Tennessee's Former Vax Chief Says Conservatives Avoiding Vaccine 'Out of Spite'

The former head of Tennessee's vaccination program says that conservative white men in rural parts of the state are refusing to be vaccinated against COVID-19 "out of spite" for Democrats.

As in much of the rest of the nation, new cases of COVID-19 in Tennessee have recently been spiking—experts have blamed the increase on both the rise of the Delta variant and on vaccine hesitancy. During an interview on PBS' Amanpour & Company that aired Wednesday, Fiscus suggested that vaccine hesitancy in Tennessee was due at least in part to some residents fearing that they would be "somehow placating the left" by receiving the vaccine.

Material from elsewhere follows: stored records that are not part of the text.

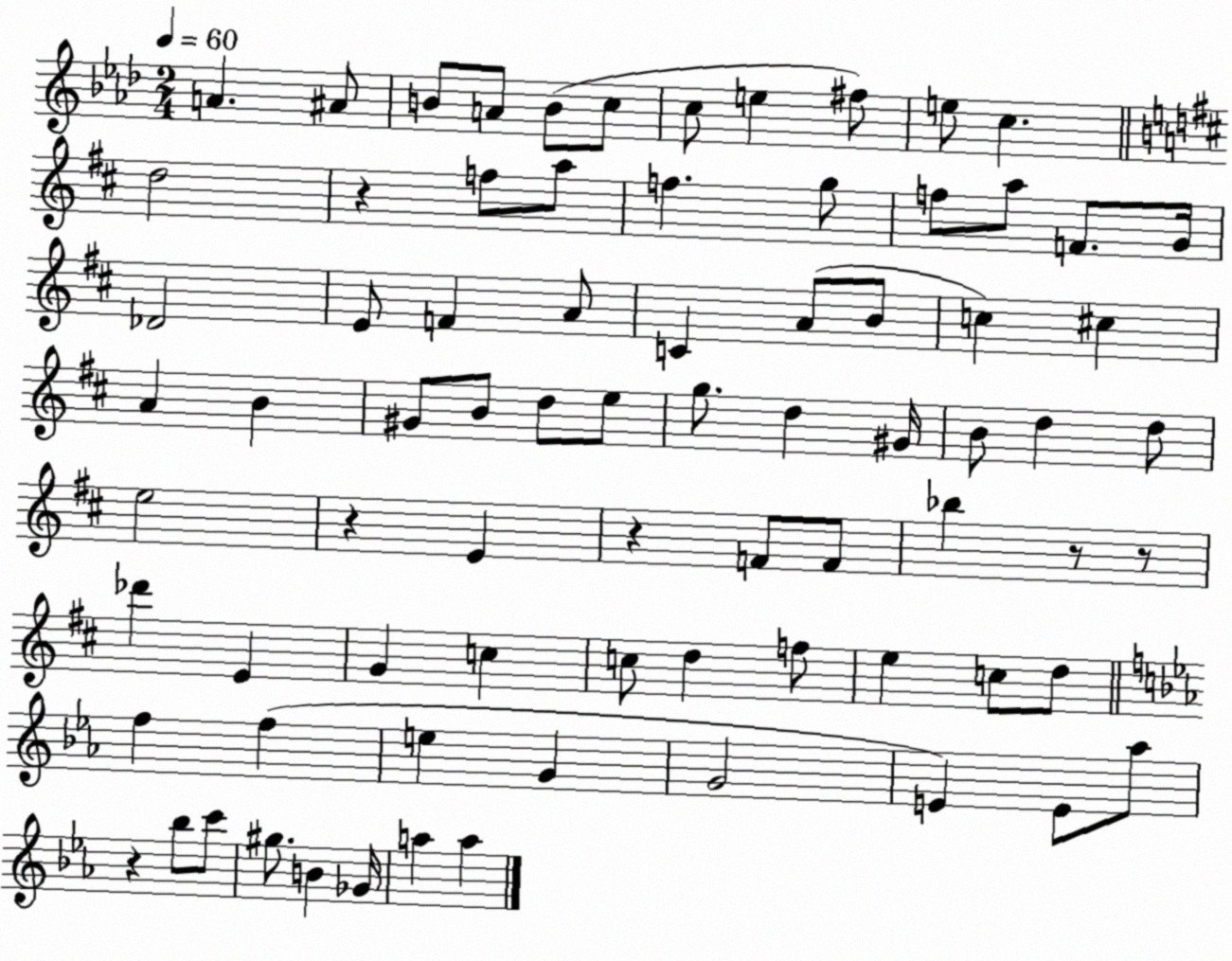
X:1
T:Untitled
M:2/4
L:1/4
K:Ab
A ^A/2 B/2 A/2 B/2 c/2 c/2 e ^f/2 e/2 c d2 z f/2 a/2 f g/2 f/2 a/2 F/2 G/4 _D2 E/2 F A/2 C A/2 B/2 c ^c A B ^G/2 B/2 d/2 e/2 g/2 d ^G/4 B/2 d d/2 e2 z E z F/2 F/2 _b z/2 z/2 _d' E G c c/2 d f/2 e c/2 d/2 f f e G G2 E E/2 _a/2 z _b/2 c'/2 ^g/2 B _G/4 a a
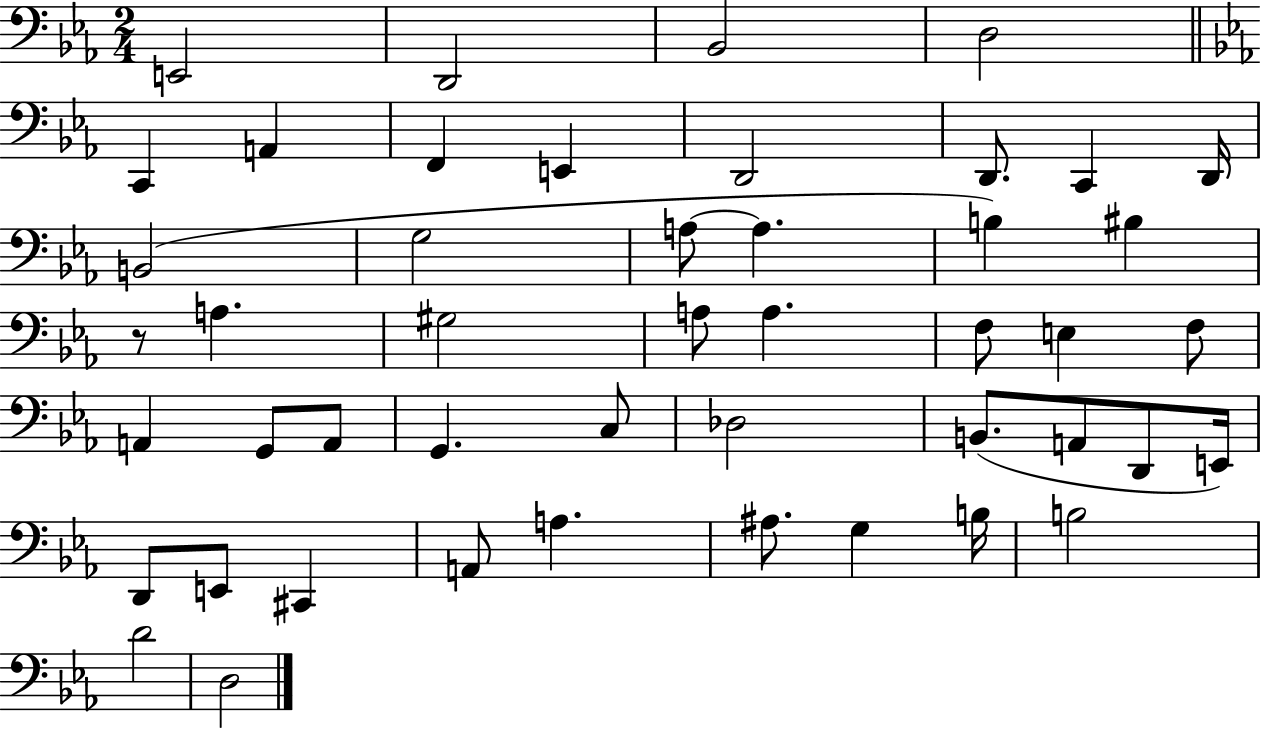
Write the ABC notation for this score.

X:1
T:Untitled
M:2/4
L:1/4
K:Eb
E,,2 D,,2 _B,,2 D,2 C,, A,, F,, E,, D,,2 D,,/2 C,, D,,/4 B,,2 G,2 A,/2 A, B, ^B, z/2 A, ^G,2 A,/2 A, F,/2 E, F,/2 A,, G,,/2 A,,/2 G,, C,/2 _D,2 B,,/2 A,,/2 D,,/2 E,,/4 D,,/2 E,,/2 ^C,, A,,/2 A, ^A,/2 G, B,/4 B,2 D2 D,2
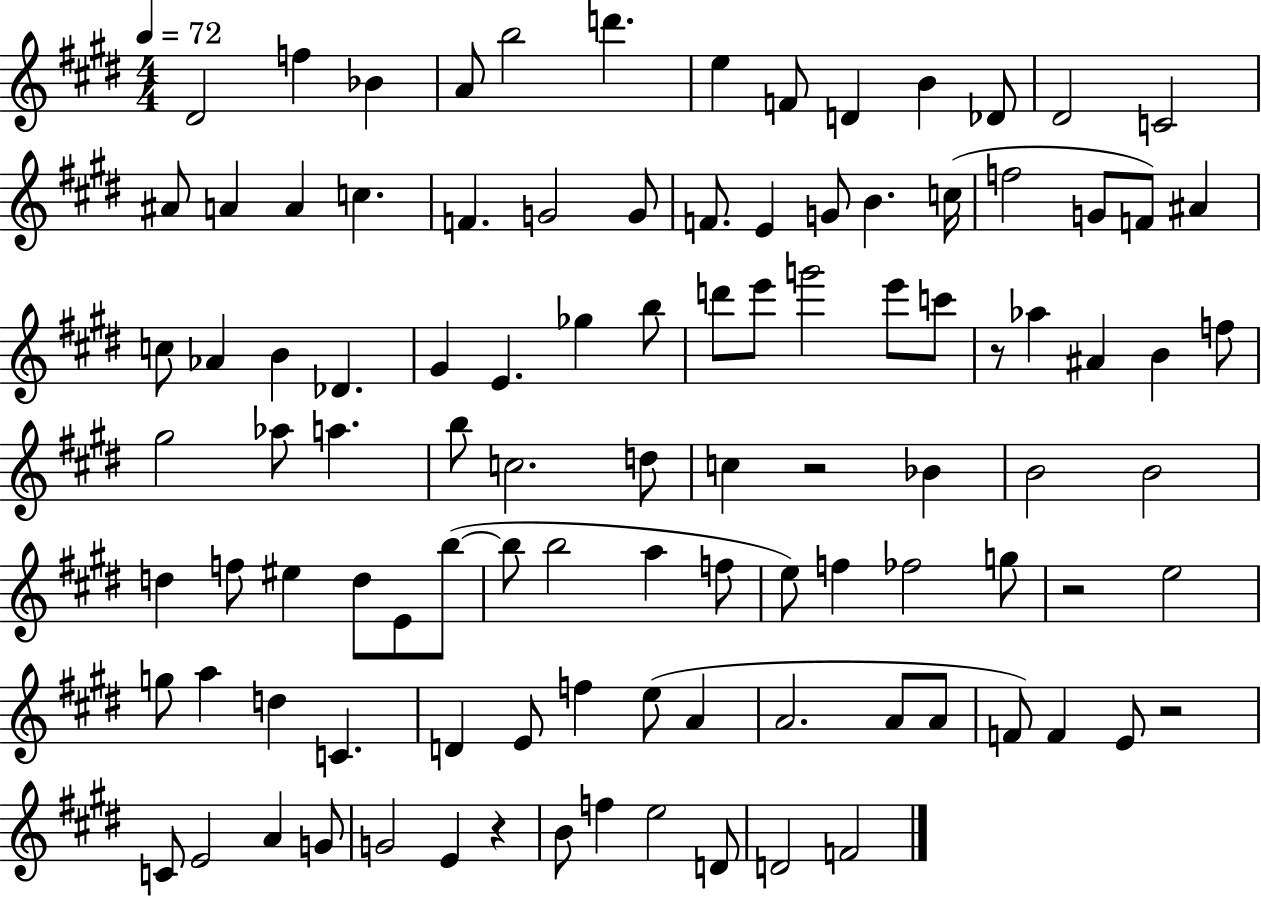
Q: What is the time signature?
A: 4/4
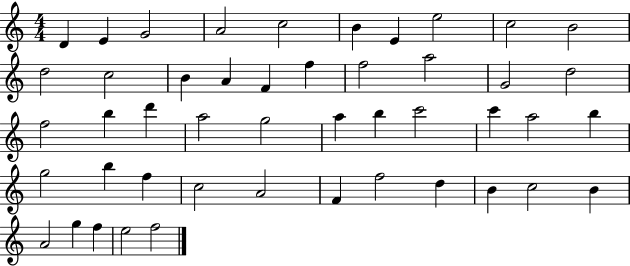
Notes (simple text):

D4/q E4/q G4/h A4/h C5/h B4/q E4/q E5/h C5/h B4/h D5/h C5/h B4/q A4/q F4/q F5/q F5/h A5/h G4/h D5/h F5/h B5/q D6/q A5/h G5/h A5/q B5/q C6/h C6/q A5/h B5/q G5/h B5/q F5/q C5/h A4/h F4/q F5/h D5/q B4/q C5/h B4/q A4/h G5/q F5/q E5/h F5/h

Vaccines Conservatives Democrats Republicans Michelle Fiscus Tennessee
Dr. Michelle Fiscus has suggested that some conservative men in Tennessee were refusing COVID-19 vaccines "out of spite" for Democrats. This photo shows a man holding a child and an anti-vaccination sign at a protest against COVID-19 public health restrictions in Olympia, Washington on May 9, 2020. Jason Redmond / AFP/Getty

"In Tennessee, and I think in a lot of our Southern states... [there] is this ideology that if you get this vaccine, you're somehow placating the left part of the political spectrum," Fiscus said. "What we're actually seeing is our most hesitant population in Tennessee is the white, male, rural conservative. They are stating that they are not going to get the vaccine really out of spite."

"And they are willing to put their own lives and the lives of the people they love at risk," she added. "Because they feel that if they get the vaccine, then they have placated the left or done what the Biden administration wants them to do."

“Our most hesitant population in Tennessee is the white, male, rural conservatives…They feel that if they get the vaccine, then they have placated the left,” says Tennessee’s ousted vaccine chief, Dr. Michelle Fiscus. https://t.co/TbG6C6QAHd@AmanpourCoPBS #AmanpourPBS pic.twitter.com/fxc3U4jDlR

— PBS (@PBS) August 11, 2021

Fiscus was fired as the medical director of Tennessee's immunization program in July. She says that the firing was politically motivated due to a letter she sent to health care providers that correctly pointed out that teenagers are not legally obliged to inform or seek permission from their parents in order to get a COVID-19 vaccine. Documents from the Tennessee Department of Health suggest that she was let go due to a "lack of effective leadership" and other issues.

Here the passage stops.